Nevertheless, New Year’s is a good time to reflect on the past year and review what went wrong and what right, and to see what might be the way to move forward into the future. It is a time for new beginnings.
2011 saw many little successes. The garden didn’t do great, but we still have plenty food for the winter. We started moving away from so much canning towards live storage and winter gardening. Although the fall vegetable crop did not do well, we got inexpensive cabbages from the Amish to make sauerkraut and to store for fresh eating, and someone gave us turnips which will keep a good while in cold storage. New Year’s Day saw me scavenging in the garden for the last of the Brussels sprouts before winter gets here in for force. The greenhouse is doing well. We have chard, collard greens, and lettuce growing there. In the New Year we will continue further down the path to more live storage as a path to greater simplicity. Not only does live storage save on fossil fuels used in canning, it also spreads the work out over the whole year. It does take more planning though.
We figured out the right number of goats to milk in 2011. Our four Nubians produce a good amount of milk for fresh drinking and making cheese, but not the over-abundance we had the previous year with five milk goats. But we found out the hard way that it is simpler to keep a buck than to find someone with a buck that is available when you need it. So next year we will be in the market for a new buck.
I finally started to find a way to balance writing and homesteading in 2011. It isn’t easy; it requires scheduling and self discipline. And little things like the flu and time changes still throw me off.
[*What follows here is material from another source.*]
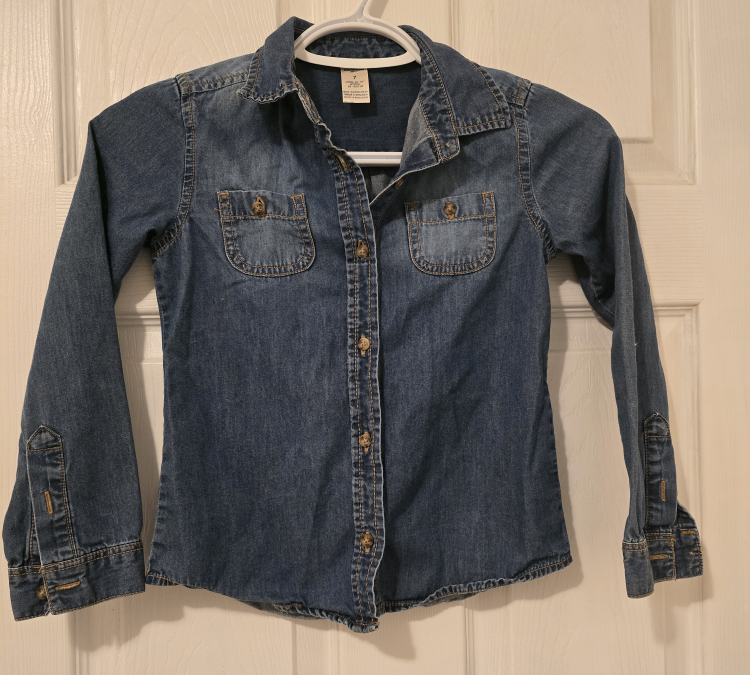 OshKosh B'gosh Girls' Denim Shirt - Size 7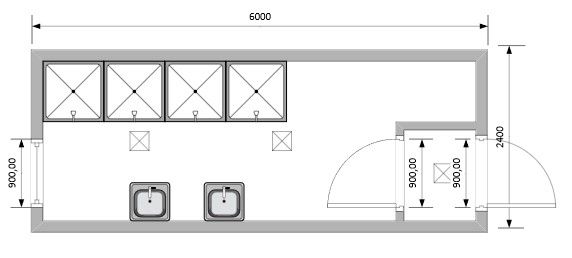 Сантехнический блок РС-С03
This is definitely an area for me to work on improving next year.
Overall, the lesson in simplicity that 2011 taught me was that simplicity and planning/scheduling go hand and hand. It might not seem that way at first. But in fact a plan or a schedule frees the mind from dwelling on all of the complexities that are involved in little everyday decisions to reflect on other things, like the poetry of everyday life—a swaying flower, the sound of the wind, the laughter of a friend.
My New Year’s wish for you is to find the ever greater peace of mind that comes with simplicity.